-- EXERCISE OBJECTIVE --
After finding "Печенье сахарное Брянконфи" in a line below, print that line and the rest of the lines exactly, leaving out all pictures.

Scraped caption text data
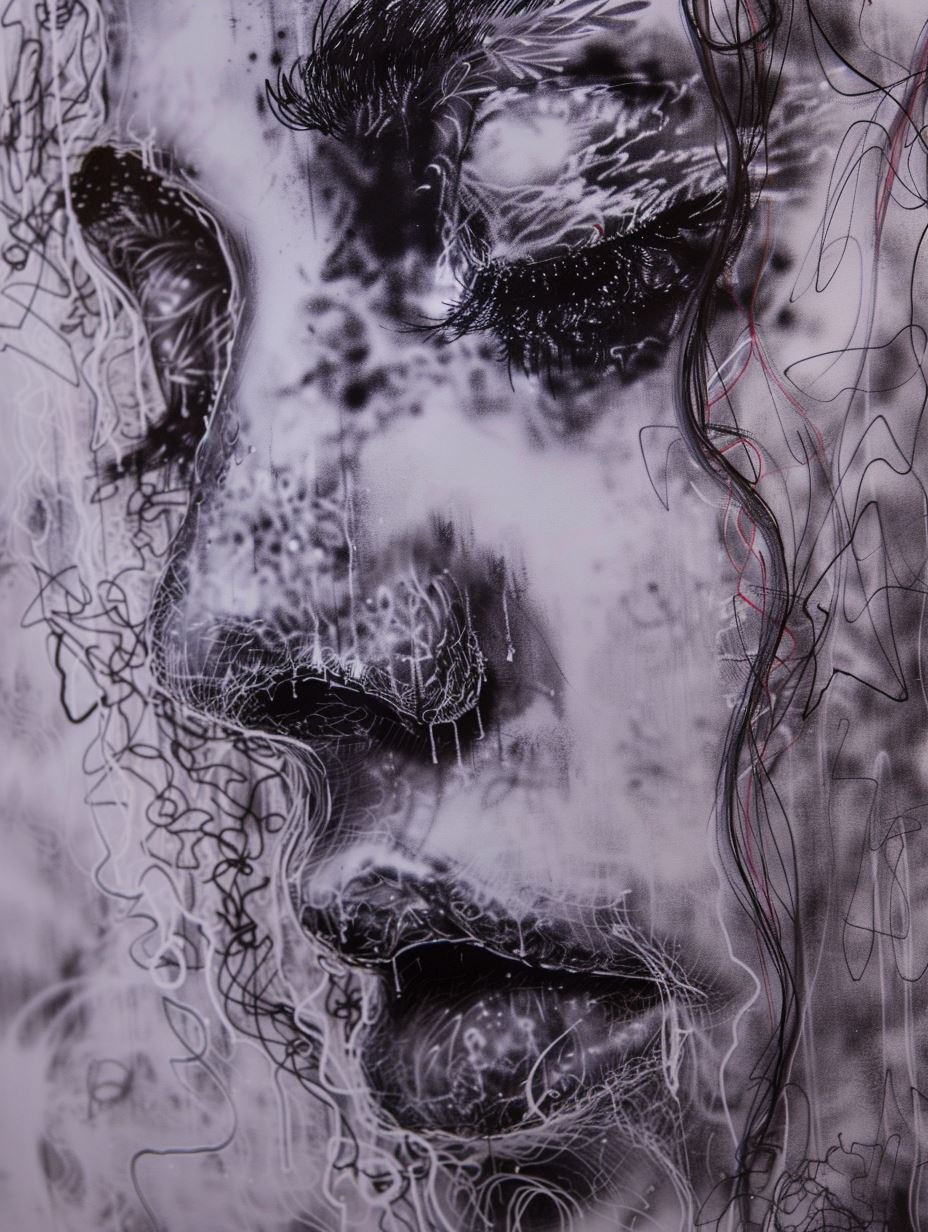 Fragmented Visage of Liquid Paint - Image 4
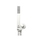 Bossini ZEN kit supporto orientabile con presa acqua, doccia e flessibile 150 cm, colore bianco finitura opaco C54004C00045004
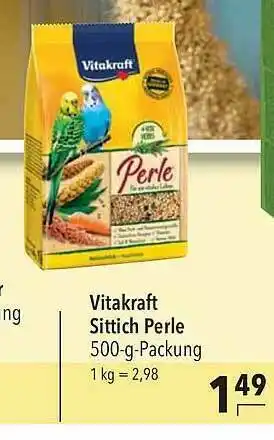 CITTI Markt Vitakraft Sittich Perle Angebot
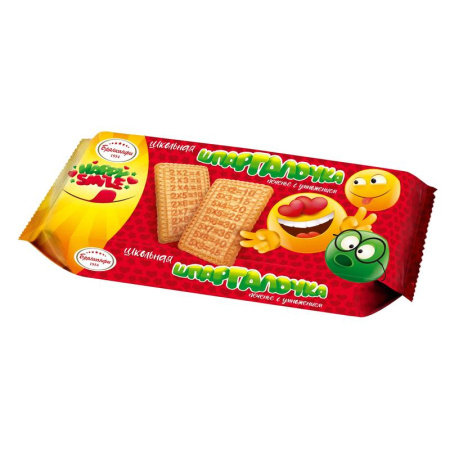 Печенье сахарное Брянконфи Школьная Шпаргалочка 230 г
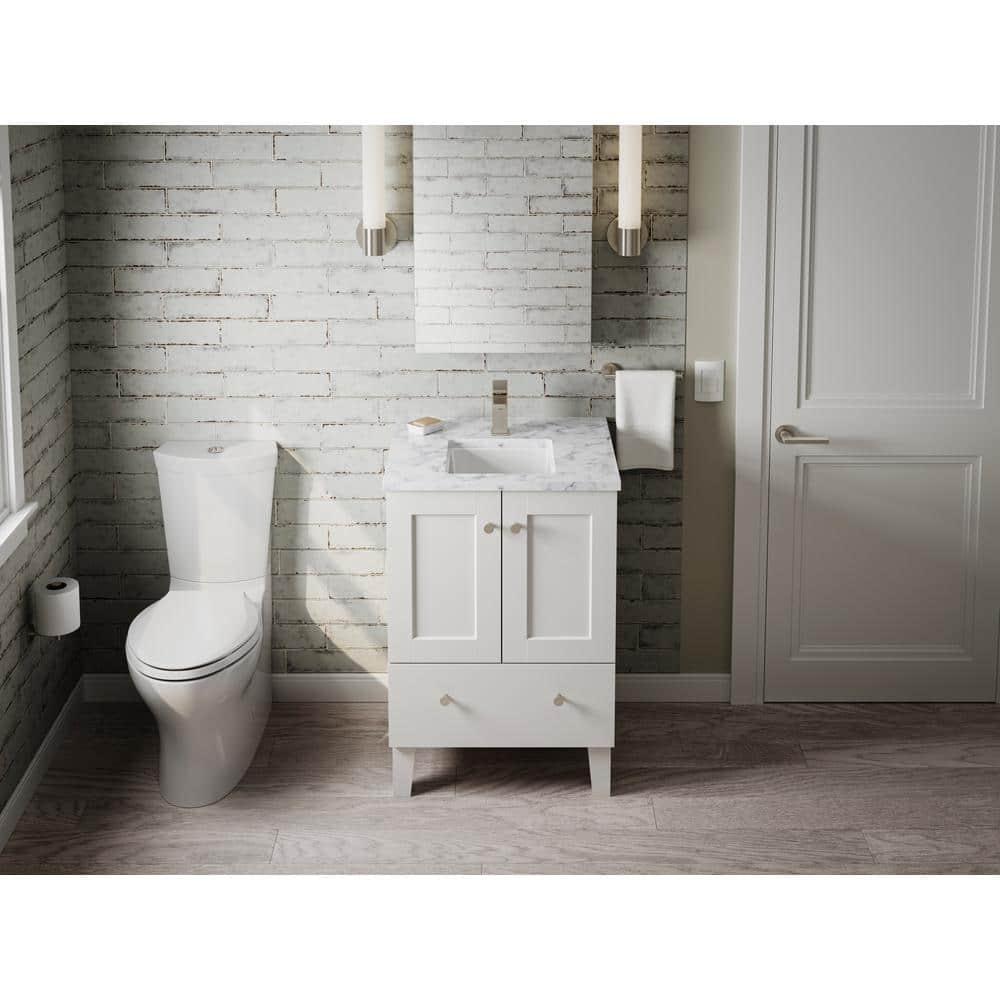 Verticyl Vitreous China Square Undermount Bathroom Sink with Overflow
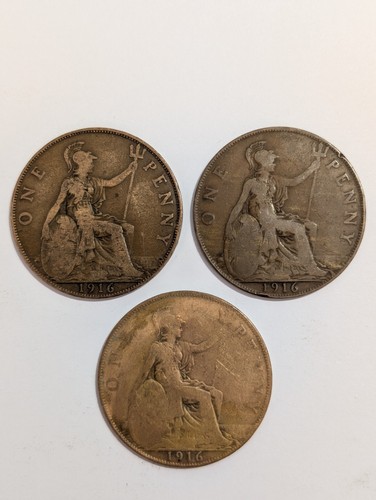 1916 recessed ear - recessed, broken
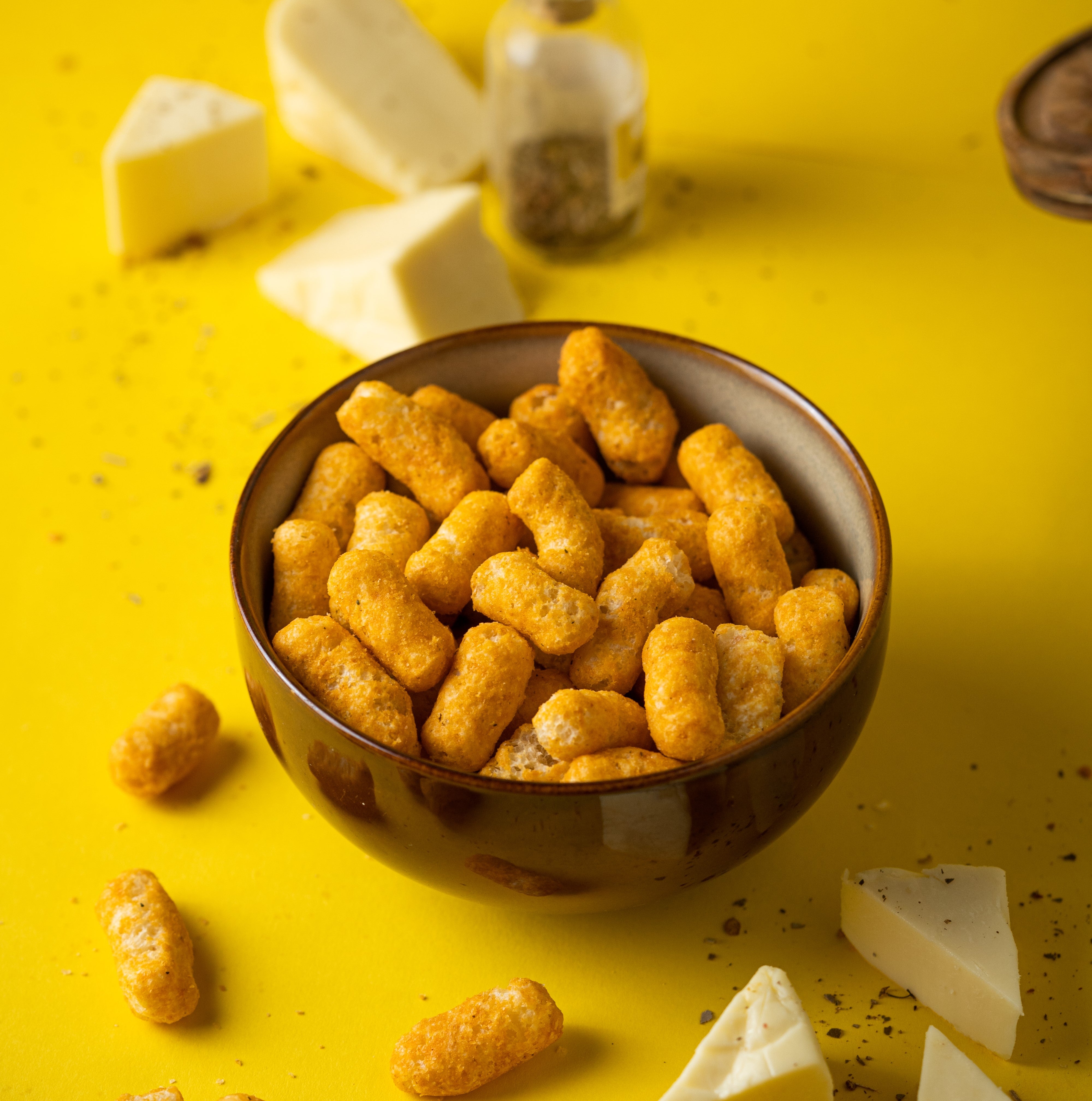 Herbs & Cheese Chickpea Puffs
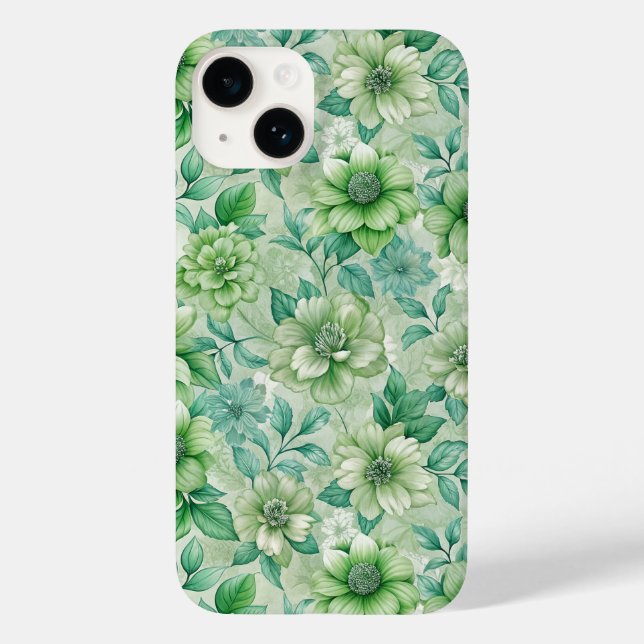 Funda De Case-Mate Para iPhone Moda Floral Damask Sage Green (Reverso )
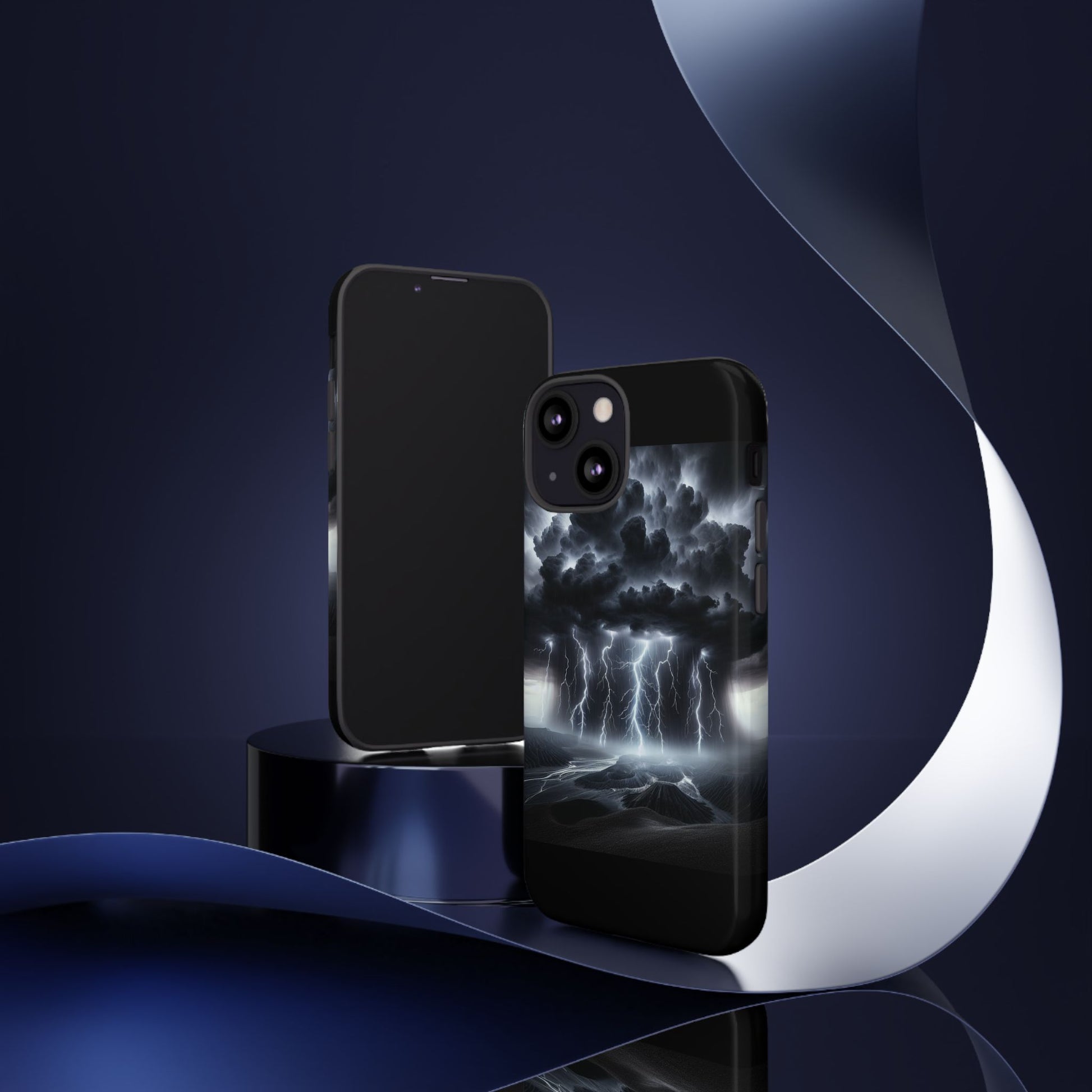 Tough Cases for the Bold: Stormy Thunder Phone Case, Lightning Protection, Durable Cover for Adventurers, Unique Gift for Nature [...]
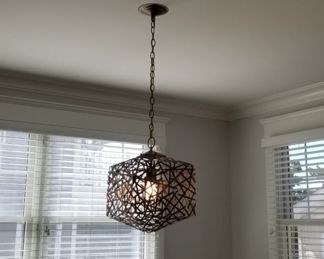 Confetti cube pendant light - large - two available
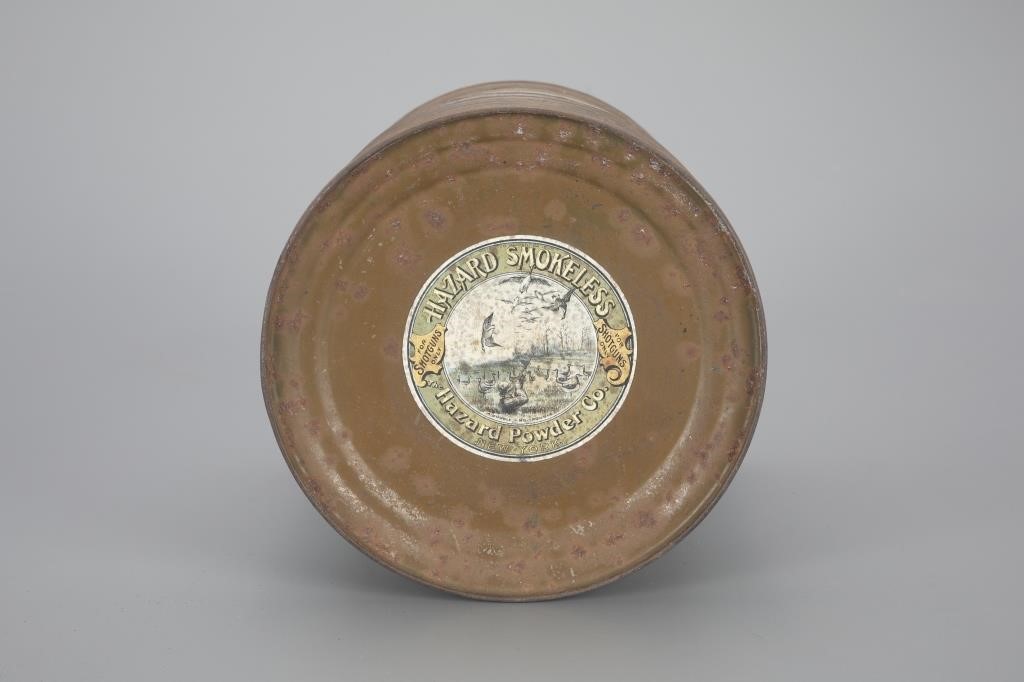 ONE HAZARD POWDER TIN9 in. tall One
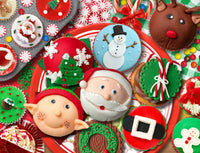 Christmas Cupcakes 500 Piece Jigsaw Puzzle | Springbok Puzzles - BIG FRENCHIES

-- OUTPUT FOR THIS TASK --
 Печенье сахарное Брянконфи Школьная Шпаргалочка 230 г
 Verticyl Vitreous China Square Undermount Bathroom Sink with Overflow
 1916 recessed ear - recessed, broken
 Herbs & Cheese Chickpea Puffs
 Funda De Case-Mate Para iPhone Moda Floral Damask Sage Green (Reverso )
 Tough Cases for the Bold: Stormy Thunder Phone Case, Lightning Protection, Durable Cover for Adventurers, Unique Gift for Nature [...]
 Confetti cube pendant light - large - two available
 ONE HAZARD POWDER TIN9 in. tall One
 Christmas Cupcakes 500 Piece Jigsaw Puzzle | Springbok Puzzles - BIG FRENCHIES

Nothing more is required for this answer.